By Emily O’Connor
Planned Parenthood of Northeast, Mid-Penn, and Bucks County announced that they would be closing their Carlisle Health Center on June 13, 2013. Previously located in a suite alongside several other healthcare facilities, the clinic does not provide abortions, but does refer patients to local abortion providers. “Feeder” clinics such as this often send patients to other Planned Parenthood facilities, but more and more of them are closing in favor of their abortion-providing counterparts.
The clinic’s website directs patients to have their records forwarded to a Planned Parenthood in Harrisburg, Gettysburg, Chambersburg, or York, two of which do provide abortions. The trend of Planned Parenthood closing facilities that do not provide abortions and directing patients to those that do demonstrates its focus on its lucrative abortion business, rather than the commitment to accessible healthcare services it espouses.
This is one of many recent closings of Planned Parenthood facilities around the country.
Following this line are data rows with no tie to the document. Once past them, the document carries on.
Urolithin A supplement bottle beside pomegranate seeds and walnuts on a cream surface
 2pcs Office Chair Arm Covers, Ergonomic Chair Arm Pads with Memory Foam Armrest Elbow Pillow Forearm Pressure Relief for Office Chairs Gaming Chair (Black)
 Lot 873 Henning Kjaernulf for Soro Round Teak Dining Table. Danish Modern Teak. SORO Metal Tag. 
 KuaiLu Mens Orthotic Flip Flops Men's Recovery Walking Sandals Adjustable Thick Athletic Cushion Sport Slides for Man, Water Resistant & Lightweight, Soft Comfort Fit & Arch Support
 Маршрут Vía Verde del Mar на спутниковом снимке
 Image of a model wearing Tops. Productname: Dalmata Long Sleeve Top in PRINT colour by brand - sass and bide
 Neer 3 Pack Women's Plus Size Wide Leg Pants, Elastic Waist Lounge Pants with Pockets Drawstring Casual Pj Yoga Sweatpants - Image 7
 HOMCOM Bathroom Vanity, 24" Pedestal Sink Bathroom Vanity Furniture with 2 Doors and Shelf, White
Thirty abortion clinics have closed in 2013 alone, according to Life News. For example:
- A Planned Parenthood center in Herkimer, NY that did not provide abortions recently closed and referred patients to the Utica, NY Center, where abortions are provided.
- In northern Texas, where several clinics have closed due to lack of funding, Planned Parenthood is still planning to spend millions creating a new, much larger center that will provide abortions.
- In Wisconsin, four “feeder” clinics have closed. Life News reports that in 2010, Planned Parenthood of Wisconsin “performed 4,827 Wisconsin abortions …Its annual report for that year lists zero adoption referrals and zero prenatal care recipients.”
Planned Parenthood is unmistakably focusing more and more of its efforts and energy on abortion. And this only makes sense. According to Live Action, abortion made up around $148 million of Planned Parenthood’s health care services revenue in 2010. With salaries like Planned Parenthood president Cecile Richards almost $400k to maintain, money is an obvious motivator.
Closing “feeder” facilities such as Carlisle Health Center is a good thing for communities, because it removes an abortion-referring clinic from the area. But the choice to divert patients and funding back to abortion-providing facilities reveals Planned Parenthood’s emphasis on revenue-generating abortion procedures.